Les centres d’art contemporain sont aujourd’hui comme les bibliothèques, presque toutes les villes veulent avoir le leur. Pourtant, l’expérience de l’art contemporain continue encore, parfois, à surgir sans que l’on s’y attende. Il suffit d’une petite rue pavée, vide, rénovée il y a moins de dix ans avec l’argent de l’Europe, serpentant au fin fond du Portugal pour se laisser surprendre.

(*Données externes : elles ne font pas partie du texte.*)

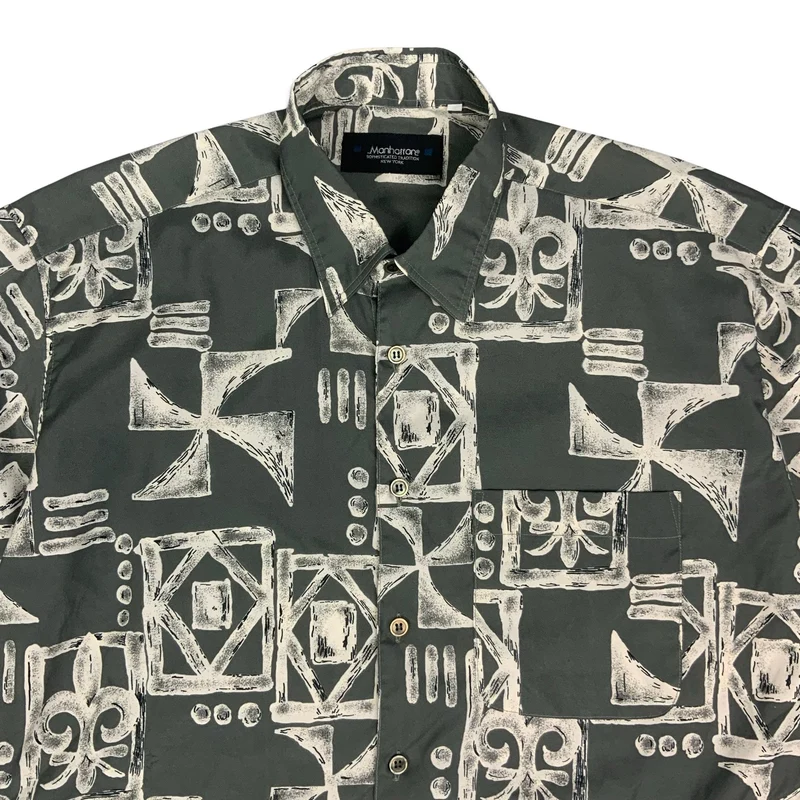 Vintage Grey & White Abstract Tiki Print Shirt Rockabilly M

Dans cette ruelle, pas un chat, une poignée de voitures mal garées, et entre deux portes fermées, une vitrine montrant plusieurs petits tas de cassettes audio à même le sol. Les jaquettes sont griffonnées au bic, raturées de listes et de titres hauts en couleurs. De cette douzaine de piles un tiers s’est effondré et forment des tas, les autres sont toujours dressées. Ces compilations, titrées et regroupées sous le nom de bande son de nos vies, semblent sous-entendre silencieusement : nos vies passées et provinciales. Mais il n’y qu’à entrer pour les faire revivre, une petite salle noire diffuse les morceaux choisis par l’artiste. La plus part d’entre eux ont beau être inconnus des non portugais, leur tonalité, caractéristique des deux décennies passées, nous harangue et nous inclut dans la bande son. Il y a un peu de nostalgie là dedans, cependant elle est rapidement chassée par la vivacité des images évoquées. L’histoire n’est pas close, elle s’étire juste, elle nous éloigne du point de départ. Et en l’occurrence – si loin dans le centre du Portugal – ce point de départ à tout d’un message œcuménique. Ce genre de message que l’art contemporain et les centres qui le cultive tel des champignonnières a la magie de faire oublier la faïence et les pâtisseries.